Track: Service Engineering and Service Management
Abstract
By reducing Mean Time to Recovery (MTTR) companies can minimize the duration of system outages and restore services promptly, thereby reducing the impact on the business. Typically, in a Contact Centers or IT Service Desk environment, once the ticket has been tagged in critical status, a serious issue is identified and defined as a problem (e.g., bug or incident, not an enhancement request), this could impact a client or trial’s workflow to the point where existing or new revenue is at risk. This research conducted a case study of an actual IT service desk company based in Manila, Philippines on how they handled “Critical Tickets” due to system-wide outages or unexpected downtime of software products. The identified causes of High MTTR that were based on the data of Fiscal Year 2022 were the primary basis. The identified root cause is the following: (1) Not meeting the required Service Level Agreement (SLA) for a minimum Average Handling Time of 15 mins. (2) Promptness of the scheduled EOC in acknowledging and Responding to Emergency Critical System Alerts. (3) Availability of Dedicated Software Dev Engineers / Product Specialists from a different region to respond to Critical Paging Alert. Based on the identified causes, the study proposed two major solutions to address the uncontrolled MTTR in responding to Critical Tickets. First, the enhancement of the current Customer Relationship Management (CRM) User Interface (UI) by conducting usability testing based on the (ISO 9241-11) metrics. The SUM results of enhanced CRM UI give 6.97 higher compared to the existing CRM design.

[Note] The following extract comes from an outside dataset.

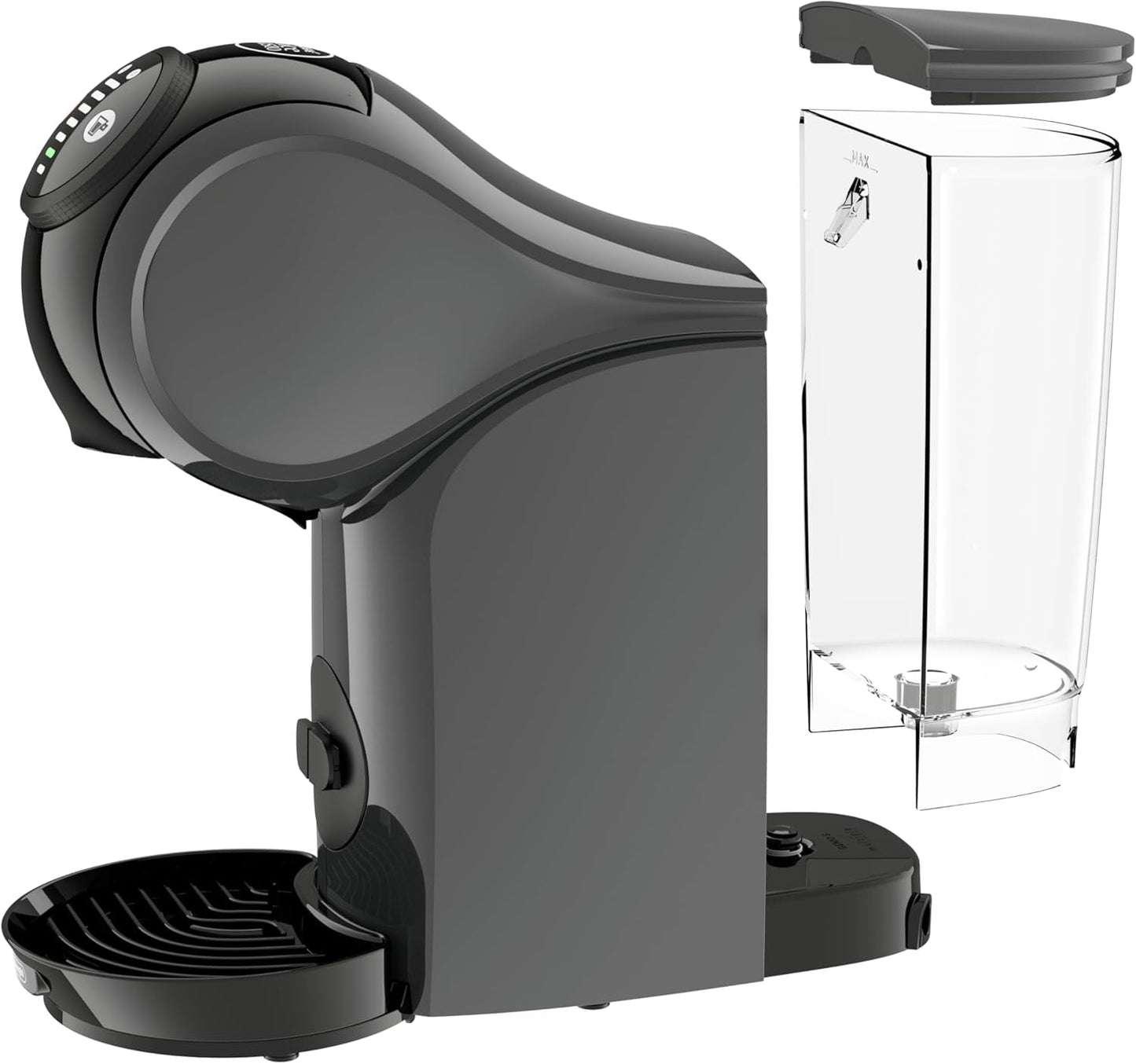 NESCAFÉ DOLCE GUSTO DeLonghi Dolce Gusto Genio S EDG226.A, Kapselespressomaskin inklusive 3 kapslar, kompakt design, justerbar droppbricka, 0,8 l, avtagbar vattentank, 1470 W, antracit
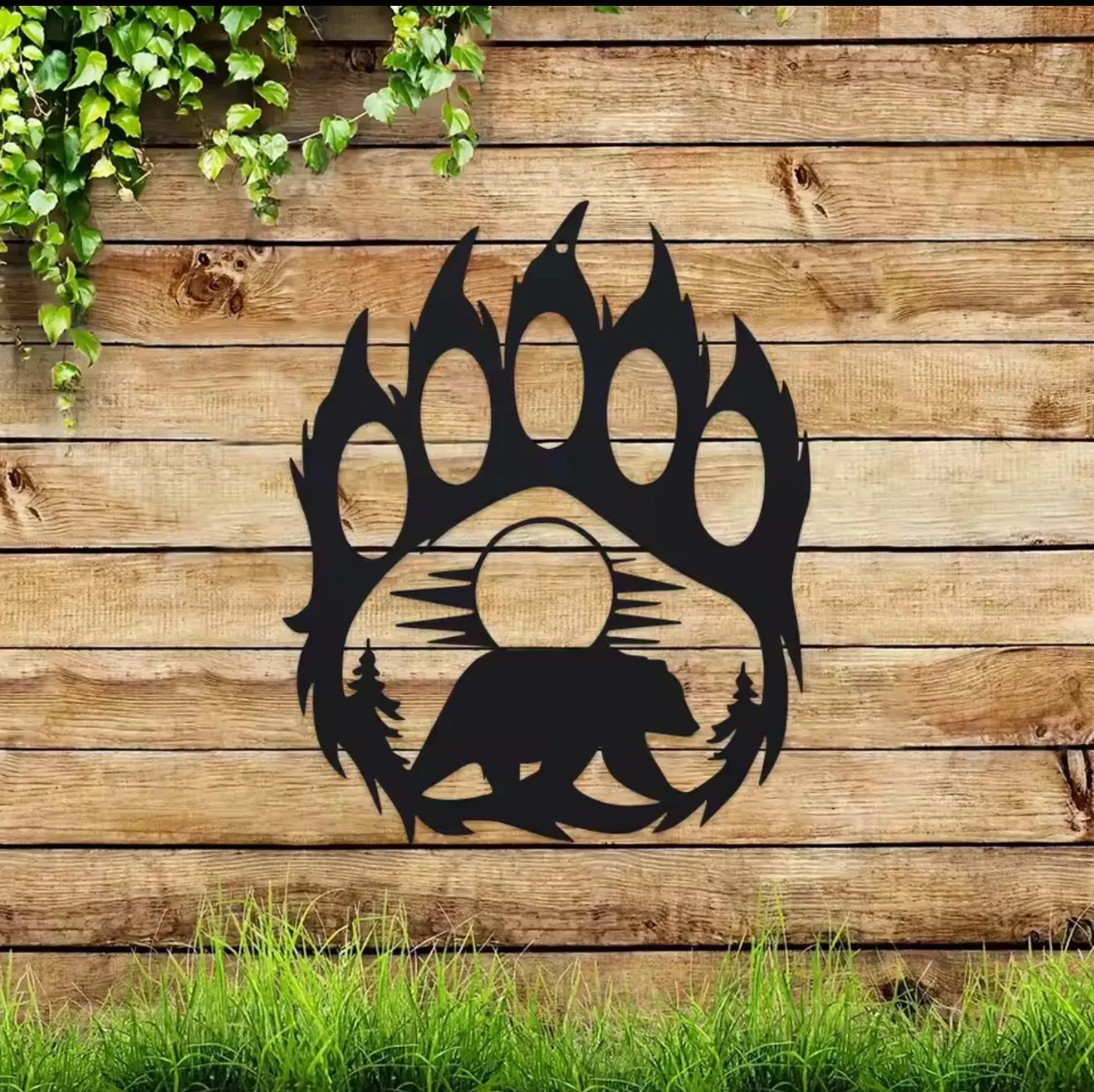 Arte de Parede Rústica em Meta - Hunting Outdoor Decor avaliação e preço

The Effectiveness improved for getting 100% quality, the Efficiency having 90.45% quality, and the User-Satisfaction garnering 90.67%. Second, is the implementation of RoboEOC for full automation of the paging alerts system replaces the EOC as the main personnel that responds to/acknowledges the ticket once it was tagged as critical. This brings a well-automated paging of the concerned team (On-Call Software Engineers / Product Specialists) based on the product that was used to file the ticket. RoboEOC also features “Squadcast-On call scheduling”. This feature is a way to see who is in charge and when they oversee a specific critical ticket. A workflow Simulation using ARENA was also performed to test the newly proposed workflow if it will do a significant change in lowering the MTTR and handling time of Engineers/Specialists.